WIELKA BRYTANIA, LONDYN, GODZINA 15:00
Myślę, że dobrym pomysłem na początek jest przedstawić główną bohaterkę tej książki.
Niska dziewczyna z brązowymi włosami zdobionymi kolorowymi pasemkami o imieniu Julia wczoraj przeprowadziła się do Londynu ze względu na prace jej mamy.
Siedemnastolatka spacerowała między budynkami ze słuchawkami na uszach, w których dudniła jej ulubiona piosenka - How to save a life.
Jej myśli były gdzie indziej - wspominała wszystko, co zostawiła w Polsce, w jej małym mieszkaniu. Jej przyjaciół, rodzinę i wrogów. Mentalnie płakała, mimo tego starała się zachować powagę na twarzy.
Kolorowe budynki w jej oczach były czarno białe. Jak wszystko tutaj. Szczerze tęskniła za wszystkim.
Jej uwagę wyjątkowo przykuł mały tłumek ludzi zebrany wokół jakiejś osoby.
Wymyśliła, że warto się zachowywać naturalnie - po prostu przejść obok ''przypadkiem'' zauważając co i jak.
Jak pomyślała, tak zrobiła.
Zdziwiła się. Spodziewała się nie wiem, jakiegoś tancerza ulicznego albo gitarzysty, a zobaczyła.
Zwykłego blondyna i dwójkę szatynów obok - jeden wysoki jak wieżowiec, drugi za to wyglądał bardzo nisko przy reszcie.
Jednak skupiła się na tym jednym jasnowłosym chłopaku. Wyglądał dosyć znajomo, przypominał jej znajomych z ojczyzny. Wydawało jej się też, że na YT widziała podobnego.
Gapiła się na niego z odległości kilku metrów dosyć długo. Był dosyć szczupły i wysoki, wyglądał dobrze. Miał śliczne, lekko zakręcone włosy oraz niebieskie oczy. Co jak co, był bardzo ładny.

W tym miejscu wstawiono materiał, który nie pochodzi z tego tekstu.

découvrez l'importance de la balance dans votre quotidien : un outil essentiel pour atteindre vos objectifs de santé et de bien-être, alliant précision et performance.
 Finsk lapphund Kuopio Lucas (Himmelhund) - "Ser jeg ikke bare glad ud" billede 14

Julka otrząsnęła się gdy zobaczyła, że załapała kontakt wzrokowy z chłopakiem. Zrobił skrzywioną minę - wyglądał na zdezorientowanego i może trochę smutnego. Rozumiał, że na pewno dziewczyna go zna (co jest bzdurą), ale że musi go oglądać, zamiast po prostu podejść i poprosić o zdjęcie? Na serio, ludzie tak bardzo się go boją?

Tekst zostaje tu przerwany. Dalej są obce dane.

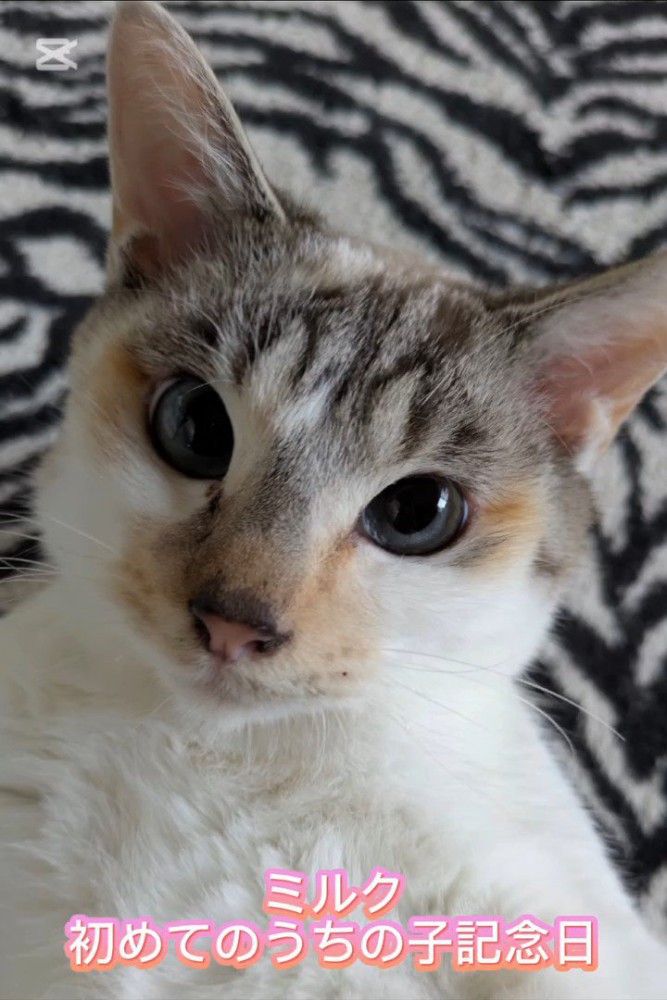 猫の顔
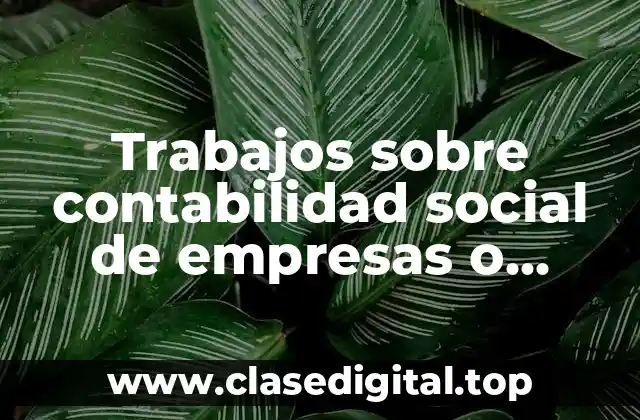 Trabajos sobre contabilidad social de empresas o municipios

Pomachał do niej nieśmiało.
A Julka?
Zrobiła to co każdy człowiek by zrobił.
Odmachała po czym szybko uciekła zażenowana samą sobą, zarazem zauroczona chłopakiem.

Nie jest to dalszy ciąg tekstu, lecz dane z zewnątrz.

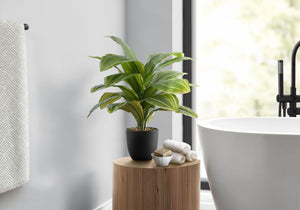17" Tall Artificial Dracaena Plant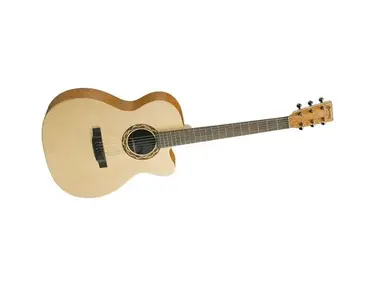 Martin XC1T Acoustic Guitar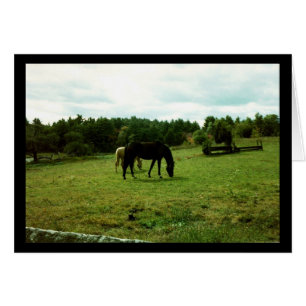 Cartão Cavalos Grazing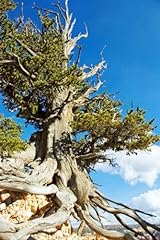 Bristlecone pine tree for sale  Delivered anywhere in USA 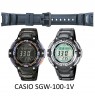 Laikrodžio dirželis CASIO 10304195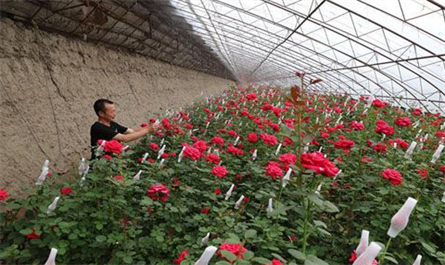 Application of plant growth regulators on flowers plantation--roses
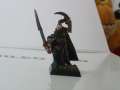 Dark elves Shadowblade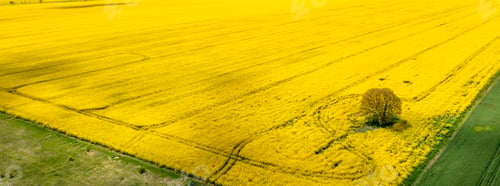 Preview: Alone tree in the yellow rapeseed field. Panoramic view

Czuła na sobie wzrok ludzi.
Wiedziała dobrze, co będzie robić tego wieczora.
Poszukiwać jakichkolwiek informacji o tym, kim jest tajemniczy blondyn i dwójka innych.
GODZINA 19:00
Siedemnastolatka wróciła do domku lekko wykończona mentalnie i fizycznie do domu.
Była głodna. Spojrzała do lodówki. Uznała że suche wafle i resztka soku pomarańczowego wystarczy. Oglądając wiadomości z których ledwo co zrozumiała spożyła posiłek. Po tym jakże produktywnym spędzaniu czasu poszła w stronę swojego nowego pokoju na piętrze. Legła na łóżko, a przed tym kopała w pudła z jej rzeczami - oczywiście jeszcze nic nie rozpakowała.
Chwyciła jej telefon i rozpoczęła poszukiwania. Poszło bardzo szybko, po około dziesięciu minutach odkryła że jest to streamer znany pod pseudonimem TommyInnit.
Uderzyła w poduszkę. Równie szybko dowiedziała się, że nie jest on mieszkańcem Londynu, czyli prawdopodobnie nie spotka go tutaj zbyt szybko. No świetnie. Zaczęła oglądać jego najnowsze filmiki.
Na początku lekko ją denerwował - strasznie krzyczał i mówił suche żarty. Jednak nie trzeba było długo czekać, by jej nastawienie się zmieniło. Co jak co, spodobała jej się osoba jaką Thomas prezentował w Internecie.
Nawet nie wiedziała, jak jej życie się zmieni.